A testimony of the fruitfulness of ideas that emerged at the Synod was given in the course of the round table discussion: “The Hope of the Family – The Synod and Beyond,” held on October 21, 2014 at the European University of Rome (UER), in the within the meetings organized by the “John Paul II Cultural Circles.”

The round table discussion was introduced by Antonio Gaspari, Editor-in-Chief of ZENIT News Agency, who, after the open greeting, presented the panel: Cardinal Gerhard Ludwig Müller, Prefect of the Congregation for the Doctrine of the Faith; Bishop Luigi Negri, President of the John Paul II International Foundation for the Magisterium of the Church; Monsignor Livio Melina, President of the John Paul II Pontifical Institute for the Study of Marriage and the Family, and Costanza Miriano, journalist and writer.

Gaspari explained that the framework of the conference is Cardinal Müller’s book entitled “The Hope of the Family,” published by Ares Editions. The conference was also an opportunity to clear the misunderstandings and provocations that surrounded the work of the Synod.

“One of the central points of the text is the subject of Faith. We live in an age of secularization and incredulity, which have weakened the sacramental perception,” Cardinal Müller explained.

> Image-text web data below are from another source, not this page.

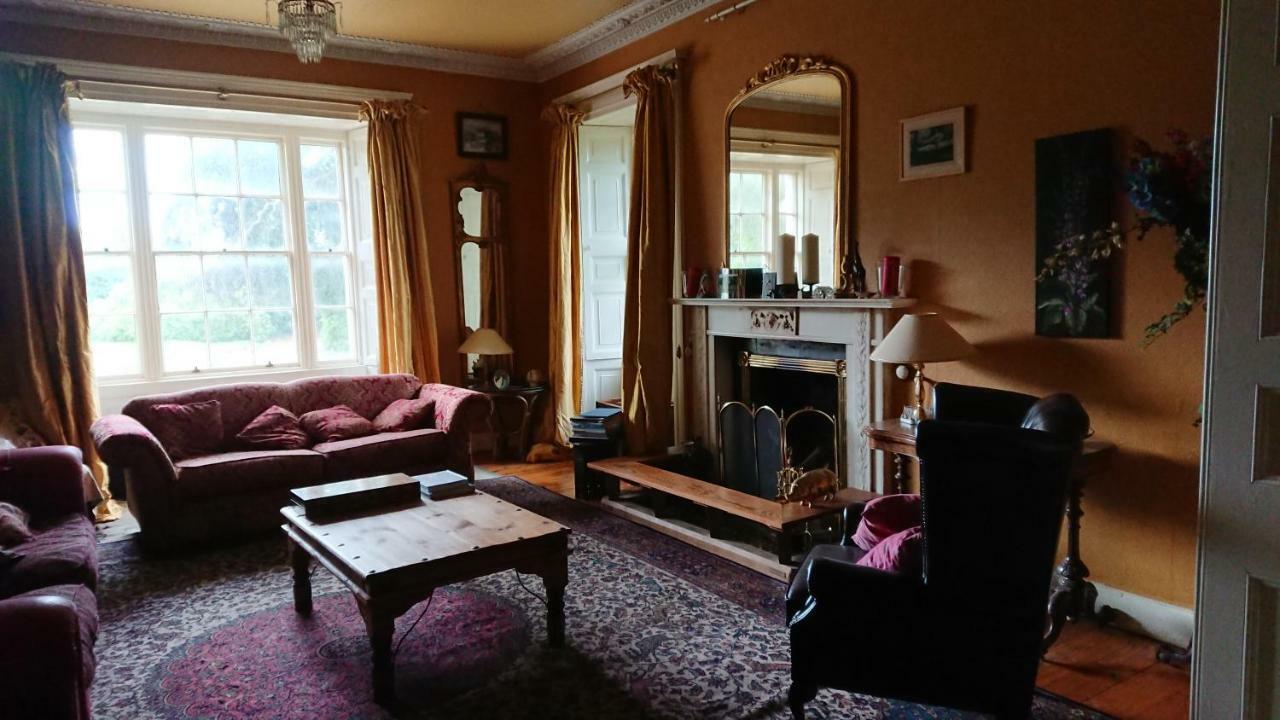 Ballylough House Bushmills Ngoại thất bức ảnh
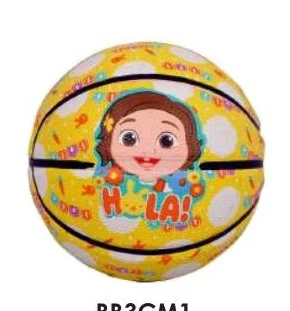 BB3CM1 - Basketball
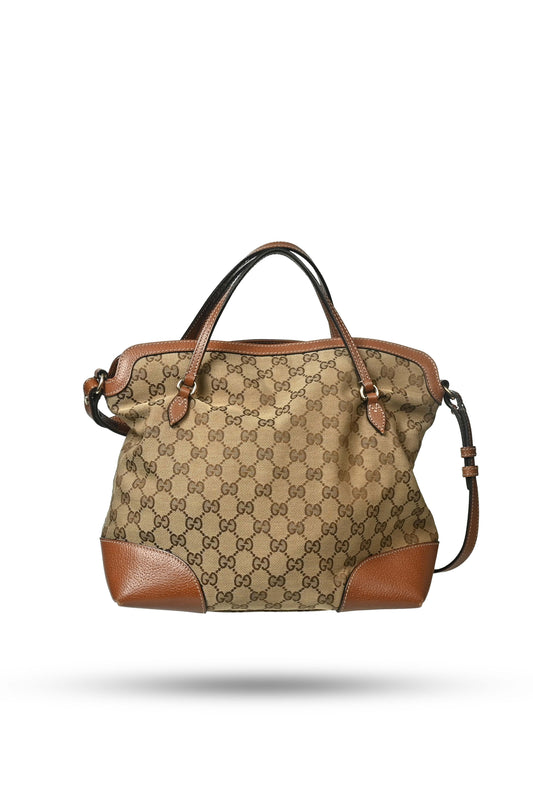 Gucci Classic Bree Convertible Bag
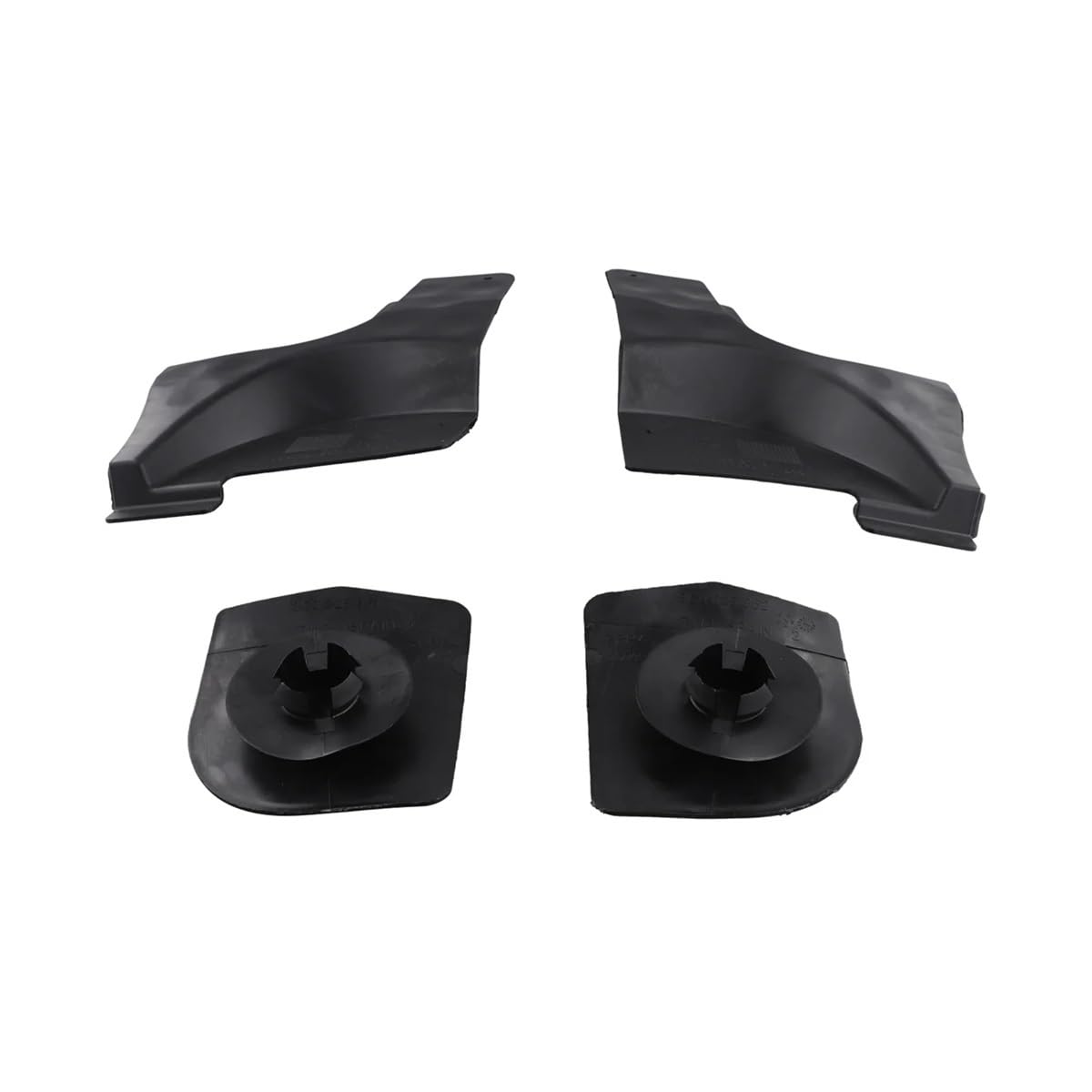 4 STÜCKE 3C0825271 3C0825272 3C0825961 3C0825962 Laufsohle Schutzplatte Abdeckplatte Blindabdeckung for Passat B6 B7 CC Magotan 4 STÜCKE 3C0825271 3C0825272 3C0825961 3C0825962 Laufsohle Schutzplatte Abdeckplatte Blindabdeckung for Passat B6 B7 CC Magotan von VFENSE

The German prelate cited several papal texts, including Pope Francis’ encyclical “Lumen Fidei,” dedicated to the subject of Faith, and the Pastoral Constitution, and  “Gaudium et Spes,” one of the most important documents of the Second Vatican Council that addresses the subject of the dignity of matrimony and of the family.

Cardinal Müller quoted a passage from the preface of his book written by Cardinal Fernando Sebastian, which states:  “In the Sacrament of Matrimony the Christian faithful, man and woman celebrate, with the Church, faith in the love of God present and operating in them as members of the Church and collaborators of God  for the multiplication of humanity and of the Church of salvation.”

“This book is a contribution to rediscover the beauty of Christian matrimony,” concluded Cardinal Müller.

Father Jesus Villagrasa, L.C., Rector of the Pontifical Athenaeum Regina Apostolorum, greeted the public and the reporters briefly and then gave the floor again to the experts.

Journalist Costanza Miriano began with an affirmation connected with her experience as a mother and her Catholic belief: “Mercy is all right for the divorced, but it must also be given to the children. There is little talk of them, but they are the first victims when the parents go their seperate ways,” she said.

The journalist then explained that her activity leads her to meet many families, and this has reinforced her conviction that “Christian morality is not comparable to bourgeois morality.” The latter constructs its “catecheses” based on television and film models: models that generate disappointment. “True love is founded on Christ and the ‘literacy’ of love belongs only to the Church.”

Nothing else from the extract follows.